- Opening Delimiter -
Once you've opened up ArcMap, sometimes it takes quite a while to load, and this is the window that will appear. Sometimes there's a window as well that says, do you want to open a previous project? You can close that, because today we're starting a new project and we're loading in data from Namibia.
- Closing Delimiter -
- Opening Delimiter -
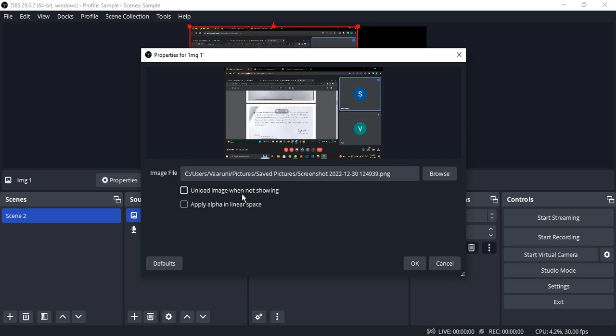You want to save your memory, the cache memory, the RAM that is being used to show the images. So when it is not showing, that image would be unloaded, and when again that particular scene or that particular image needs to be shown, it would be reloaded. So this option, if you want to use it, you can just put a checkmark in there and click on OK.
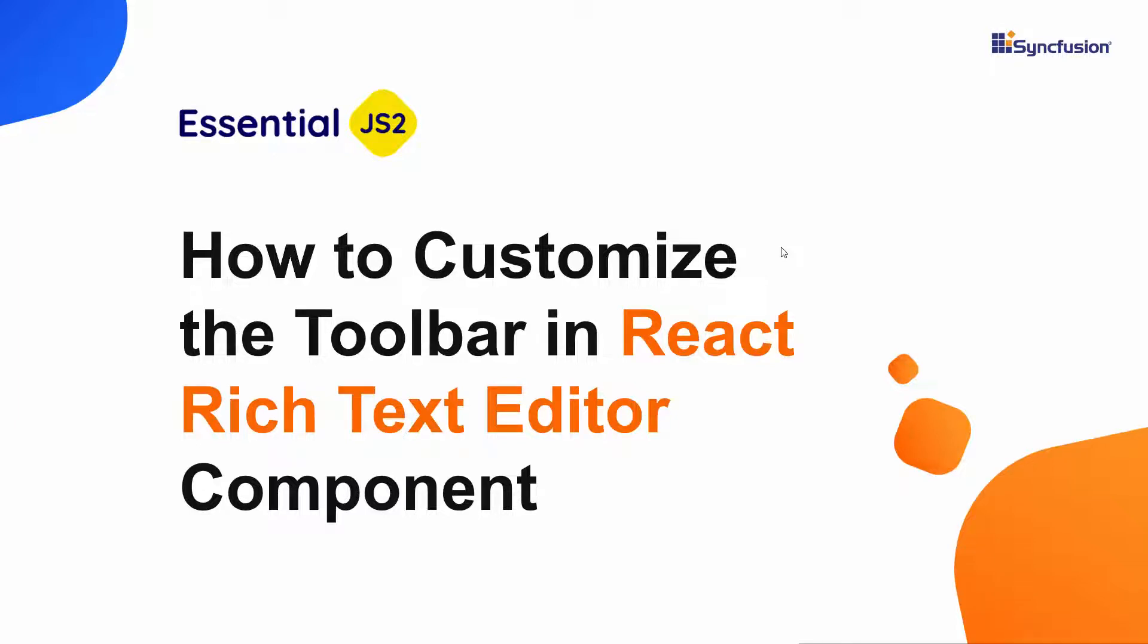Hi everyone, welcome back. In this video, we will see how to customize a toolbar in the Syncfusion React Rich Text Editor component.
- Closing Delimiter -
WORK TO COMPLETE
Only the lines above starting with the line with "You want to save" and going on through the line with "Hi everyone, welcome" belong in the answer; repeat them exactly, minus any picture.

OUTPUT OF THE TASK
You want to save your memory, the cache memory, the RAM that is being used to show the images. So when it is not showing, that image would be unloaded, and when again that particular scene or that particular image needs to be shown, it would be reloaded. So this option, if you want to use it, you can just put a checkmark in there and click on OK.
Hi everyone, welcome back. In this video, we will see how to customize a toolbar in the Syncfusion React Rich Text Editor component.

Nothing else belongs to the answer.